IBM has been steadily building its open source AI presence with the Granite model family. These enterprise-focused language models prioritize safety, transparency, and practical deployment over chasing the biggest parameter counts.
They recently launched Granite 4.0, which introduces a hybrid architecture that's designed to be more efficient. The goal? Smaller models that can compete with much larger ones.
The results are impressive. The smallest Granite 4.0 models outperform the previous Granite 3.3 8B despite being less than half its size.
Granite 4.0: What Does it Offer?

Developed as an open source model family under the Apache 2.0 License, Granite 4.0 is IBM's latest attempt at making AI more accessible and cost-effective for enterprises.
It is powered by a hybrid architecture that combines two technologies.
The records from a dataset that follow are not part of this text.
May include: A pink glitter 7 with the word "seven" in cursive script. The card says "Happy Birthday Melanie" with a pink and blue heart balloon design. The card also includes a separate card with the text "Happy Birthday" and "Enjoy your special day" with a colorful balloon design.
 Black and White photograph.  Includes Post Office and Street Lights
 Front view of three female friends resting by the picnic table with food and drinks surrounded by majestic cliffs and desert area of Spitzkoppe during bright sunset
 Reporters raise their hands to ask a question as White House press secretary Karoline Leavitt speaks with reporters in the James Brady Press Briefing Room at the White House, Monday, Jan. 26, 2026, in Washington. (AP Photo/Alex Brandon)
The first is Mamba-2, which processes sequences linearly and uses constant memory regardless of context length. The second is the traditional transformer, which handles the nuanced local context through self-attention.
By combining them in a 9:1 ratio (90% Mamba-2, 10% transformers), IBM managed to reduce RAM requirements by over 70% compared to conventional models.
To showcase its ability to perform, IBM tested Granite 4.0 extensively. On the IFEval benchmark for instruction-following, Granite 4.0-H-Small scored 0.89, beating all open-weight models except Llama 4 Maverick, which is 12 times larger.
They also partnered with EY and Lockheed Martin for early testing at scale. The feedback from these enterprise partners will help improve future updates.
Granite 4.0 comes in three sizes: Micro, Tiny, and Small. Each is available in 1 and Instruct variants.
The Small model is the workhorse for enterprise workflows like multi-tool agents and customer support automation. Meanwhile, Micro and Tiny are designed for edge devices and low-latency applications, and there are plans to release even smaller Nano variants by year-end.
Want To Check It Out?
Granite 4.0 is available through multiple platforms.
You can try it for free on the Granite Playground. For production deployment, the models are available on IBM watsonx.ai, Hugging Face, Docker Hub, Ollama, NVIDIA NIM, LM Studio, Kaggle, Replicate, and Dell Technologies platforms.
You can find guides and tutorials in the Granite Docs to get started.